Diogo Santos - 4 months ago 47

Python Question

I need to generate a large array with repeated elements, and my code is:

`np.repeat(xrange(x,y), data)`

However, data is a numpy array with type float64 (but it represent integeres, no 2.1 there) and I get the error

`TypeError: Cannot cast array data from dtype('float64') to dtype('int64') according to the rule 'safe'`

Exemple:

`In [35]: x`

Out[35]: 26

In [36]: y

Out[36]: 50

In [37]: data

Out[37]:

array([ 3269., 106., 5533., 317., 1512., 208., 502., 919.,

406., 421., 1690., 2236., 705., 505., 230., 213.,

307., 1628., 4389., 1491., 355., 103., 854., 424.])

In [38]: np.repeat(xrange(x,y), data)

---------------------------------------------------------------------------

TypeError Traceback (most recent call last)

<ipython-input-38-105860821359> in <module>()

----> 1 np.repeat(xrange(x,y), data)

/home/pcadmin/anaconda2/lib/python2.7/site-packages/numpy /core/fromnumeric.pyc in repeat(a, repeats, axis)

394 repeat = a.repeat

395 except AttributeError:

--> 396 return _wrapit(a, 'repeat', repeats, axis)

397 return repeat(repeats, axis)

398

/home/pcadmin/anaconda2/lib/python2.7/site-packages/numpy /core/fromnumeric.pyc in _wrapit(obj, method, *args, **kwds)

46 except AttributeError:

47 wrap = None

---> 48 result = getattr(asarray(obj), method)(*args, **kwds)

49 if wrap:

50 if not isinstance(result, mu.ndarray):

TypeError: Cannot cast array data from dtype('float64') to dtype('int64') according to the rule 'safe'

I solve it by changing the code to

`np.repeat(xrange(x,y), data.astype('int64'))`

However, this is now one of the most expensive lines in my code!! Is there another alternative?

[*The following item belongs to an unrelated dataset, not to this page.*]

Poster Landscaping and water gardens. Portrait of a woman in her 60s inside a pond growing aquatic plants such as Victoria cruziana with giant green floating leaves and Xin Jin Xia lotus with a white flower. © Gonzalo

By the way, I using this inside

`np.random.choice(np.repeat(xrange(x,y), data.astype('int64')), z)`

in order to get a sample without replacement with size z of the integers between x and y, with the number of each given in data. I guess this is the best approach for that also right?

Answer

Pretty interesting problem this one! Just to give the readers an idea about the problem without going into the minor data conversion issues, we have a range of values, let's say `a = np.arange(5)`

, i.e.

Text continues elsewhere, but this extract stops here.